1

I'm making a web crawler for a recipe website and I would like to get the link for a recipe then use that link to get the ingredients. I am able to do that, but only by manually entering the link to get the recipe. Is there a way to get the link then use this link to look at the ingredients. Also I will take any suggestions on how to make this code better!

def trade_spider():
 url= 'https://tasty.co/topic/best-vegetarian'
 source_code = requests.get(url)
 plain_text = source_code.text
 soup = BeautifulSoup(plain_text, 'lxml')
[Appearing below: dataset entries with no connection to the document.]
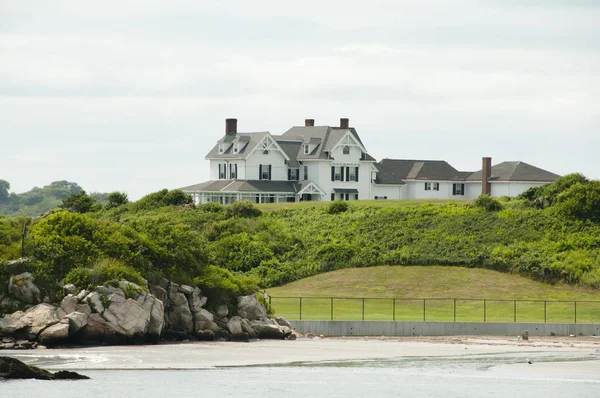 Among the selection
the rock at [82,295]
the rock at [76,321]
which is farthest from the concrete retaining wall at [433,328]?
the rock at [76,321]

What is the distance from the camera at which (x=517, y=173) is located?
13525cm

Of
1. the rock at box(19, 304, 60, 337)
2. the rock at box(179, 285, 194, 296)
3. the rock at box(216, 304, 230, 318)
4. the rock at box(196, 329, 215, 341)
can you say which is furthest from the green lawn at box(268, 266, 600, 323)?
the rock at box(19, 304, 60, 337)

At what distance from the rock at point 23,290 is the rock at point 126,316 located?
3.09 m

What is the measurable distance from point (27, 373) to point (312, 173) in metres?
85.0

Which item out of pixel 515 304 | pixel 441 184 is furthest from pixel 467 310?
pixel 441 184

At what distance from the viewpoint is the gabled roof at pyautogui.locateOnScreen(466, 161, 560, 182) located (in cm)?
13400

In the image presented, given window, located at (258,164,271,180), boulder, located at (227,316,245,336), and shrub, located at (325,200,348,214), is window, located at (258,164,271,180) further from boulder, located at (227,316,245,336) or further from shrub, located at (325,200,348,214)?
boulder, located at (227,316,245,336)

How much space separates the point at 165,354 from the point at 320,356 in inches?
257

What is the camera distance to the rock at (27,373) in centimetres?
4462

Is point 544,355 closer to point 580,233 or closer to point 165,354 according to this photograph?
point 165,354

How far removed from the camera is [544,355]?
5631 centimetres

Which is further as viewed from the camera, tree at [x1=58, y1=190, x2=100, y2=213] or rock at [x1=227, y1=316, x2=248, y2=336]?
tree at [x1=58, y1=190, x2=100, y2=213]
 for link in soup.find_all('a', {'class':'feed-item analyt-internal-link-subunit'}):
           test = link.get('href')
           print(test)

def ingredient_spider():
 url1= 'https://tasty.co/recipe/peanut-butter-keto-cookies'
 source_code1= requests.get(url1)
 new_text= source_code1.text
 soup1= BeautifulSoup(new_text, 'lxml')
 for ingredients in soup1.find_all("li", {"class": "ingredient xs-mb1 xs-mt0"}):
      print(ingredients.text)
pawello2222
  • 46,897
  • 22
  • 145
  • 209

3 Answers3

1

To do this, ensure that the output of your is set to return rather than print (to understand the difference, try reading the top answer on this post: What is the formal difference between "print" and "return"?)
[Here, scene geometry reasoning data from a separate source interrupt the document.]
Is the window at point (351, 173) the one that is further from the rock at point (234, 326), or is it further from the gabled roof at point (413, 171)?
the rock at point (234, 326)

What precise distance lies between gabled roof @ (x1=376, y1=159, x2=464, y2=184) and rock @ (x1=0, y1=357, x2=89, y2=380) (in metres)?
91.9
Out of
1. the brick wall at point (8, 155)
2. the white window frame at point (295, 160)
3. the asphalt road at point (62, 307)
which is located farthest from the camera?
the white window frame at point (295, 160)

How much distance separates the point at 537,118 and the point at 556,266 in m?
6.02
You can then use the output of the function as either a variable, or put the output directly into the next function. For example

x = tradespider()

or

newFunction(tradespider())
Sam Grosz
  • 11
  • 3
1

You need to call the ingredient_spider function for every link you get from your recipe. Using your example, it would look like this:

def trade_spider():
 url= 'https://tasty.co/topic/best-vegetarian'
 source_code = requests.get(url)
 plain_text = source_code.text
 soup = BeautifulSoup(plain_text, 'lxml')
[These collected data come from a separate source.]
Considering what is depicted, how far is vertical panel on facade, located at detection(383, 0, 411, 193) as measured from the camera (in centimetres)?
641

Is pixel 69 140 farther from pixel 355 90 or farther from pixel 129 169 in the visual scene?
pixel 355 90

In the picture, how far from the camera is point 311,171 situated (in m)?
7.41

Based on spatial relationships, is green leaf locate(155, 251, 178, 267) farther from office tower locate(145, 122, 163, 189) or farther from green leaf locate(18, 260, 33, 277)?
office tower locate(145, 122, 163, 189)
 for link in soup.find_all('a', {'class':'feed-item analyt-internal-link-subunit'}):
           test = link.get('href')
           ingredient_spider(test)

def ingredient_spider(url):
 source_code1= requests.get(url) #receive url from trade_spider function
 new_text= source_code1.text
 soup1= BeautifulSoup(new_text, 'lxml')
 for ingredients in soup1.find_all("li", {"class": "ingredient xs-mb1 xs-mt0"}):
      print(ingredients.text)

For each link you get from test = link.get('href'), you call the function ingredient_spider(), sending test variable as argument.

0

I am honestly not sure if I understand correctly what you are asking, but if I do you could go with something like this:

  • first create a list of URLs
  • second create a function that can work a url
  • last create a worker that works off that list peace by peace

.

def first():
    URLs = [] 
    ...
    for link in soup.find_all('a', {'class':'feed-item analyt-internal-link-subunit'}): 
    URLs.append(link.get('href'))
    return URLs

def second(url):
    source_code1= requests.get(url)
    new_text= source_code1.text
    soup1= BeautifulSoup(new_text, 'lxml')
    for ingredients in soup1.find_all("li", {"class": "ingredient xs-mb1 xs-mt0"}):
      return ingredients.text
  
def third(URL_LIST):
    for URL in URL_LIST:
         tmp = second(URL)
         print(tmp)

URL_LIST = first()
third(URL_LIST)
xtlc
  • 1,070
  • 1
  • 15
  • 41